EXERCISE MATERIAL.
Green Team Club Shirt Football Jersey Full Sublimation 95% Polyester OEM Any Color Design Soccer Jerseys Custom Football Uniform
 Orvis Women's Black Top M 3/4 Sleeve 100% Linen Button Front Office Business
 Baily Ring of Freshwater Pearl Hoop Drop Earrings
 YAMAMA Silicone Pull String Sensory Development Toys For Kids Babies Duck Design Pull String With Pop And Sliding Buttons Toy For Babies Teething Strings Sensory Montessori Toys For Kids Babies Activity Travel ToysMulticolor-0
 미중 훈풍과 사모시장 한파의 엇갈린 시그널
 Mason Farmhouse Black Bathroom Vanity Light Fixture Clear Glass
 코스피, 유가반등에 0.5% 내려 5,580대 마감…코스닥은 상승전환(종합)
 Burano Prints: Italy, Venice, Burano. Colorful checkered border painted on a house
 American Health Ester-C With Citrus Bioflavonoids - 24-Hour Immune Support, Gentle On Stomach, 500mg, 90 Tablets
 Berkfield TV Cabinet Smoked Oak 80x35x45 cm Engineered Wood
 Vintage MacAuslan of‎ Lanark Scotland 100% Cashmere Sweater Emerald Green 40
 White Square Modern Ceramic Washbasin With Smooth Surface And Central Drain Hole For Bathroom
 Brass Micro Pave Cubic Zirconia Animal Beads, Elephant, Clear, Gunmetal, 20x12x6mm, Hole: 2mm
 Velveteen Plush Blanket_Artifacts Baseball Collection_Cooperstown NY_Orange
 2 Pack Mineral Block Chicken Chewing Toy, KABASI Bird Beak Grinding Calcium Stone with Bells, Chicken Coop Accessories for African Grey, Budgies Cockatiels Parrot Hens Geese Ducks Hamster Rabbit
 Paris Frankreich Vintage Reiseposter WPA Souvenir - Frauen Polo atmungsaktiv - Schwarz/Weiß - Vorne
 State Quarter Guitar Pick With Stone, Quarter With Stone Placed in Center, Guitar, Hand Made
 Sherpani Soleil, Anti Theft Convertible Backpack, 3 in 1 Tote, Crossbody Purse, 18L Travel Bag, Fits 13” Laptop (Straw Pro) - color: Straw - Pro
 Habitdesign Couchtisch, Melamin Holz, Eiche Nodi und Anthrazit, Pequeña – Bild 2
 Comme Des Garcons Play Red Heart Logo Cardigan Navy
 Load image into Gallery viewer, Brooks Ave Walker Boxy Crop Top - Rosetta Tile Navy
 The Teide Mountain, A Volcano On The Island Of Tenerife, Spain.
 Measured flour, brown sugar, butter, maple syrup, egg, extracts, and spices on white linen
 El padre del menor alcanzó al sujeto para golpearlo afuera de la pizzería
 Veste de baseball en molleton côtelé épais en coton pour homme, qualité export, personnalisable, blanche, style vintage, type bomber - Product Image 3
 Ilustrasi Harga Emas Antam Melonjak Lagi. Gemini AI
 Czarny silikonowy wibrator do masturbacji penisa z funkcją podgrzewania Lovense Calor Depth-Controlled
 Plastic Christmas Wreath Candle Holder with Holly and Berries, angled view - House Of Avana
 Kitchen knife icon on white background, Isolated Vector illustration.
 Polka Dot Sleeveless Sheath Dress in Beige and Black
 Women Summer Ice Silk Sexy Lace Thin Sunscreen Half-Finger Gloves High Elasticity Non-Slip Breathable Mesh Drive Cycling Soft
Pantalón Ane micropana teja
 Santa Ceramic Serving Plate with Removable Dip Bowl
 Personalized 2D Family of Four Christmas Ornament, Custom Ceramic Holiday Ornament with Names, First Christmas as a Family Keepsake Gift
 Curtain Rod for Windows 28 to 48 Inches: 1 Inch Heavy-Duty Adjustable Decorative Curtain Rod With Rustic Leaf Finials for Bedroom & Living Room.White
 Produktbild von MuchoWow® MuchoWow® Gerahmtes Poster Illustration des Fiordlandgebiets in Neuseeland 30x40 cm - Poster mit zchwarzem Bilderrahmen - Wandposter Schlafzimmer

PROBLEM STATEMENT.
A bare number is all that is asked for: the count of lines above that include "Stone".

ANSWER TO THIS TASK.
2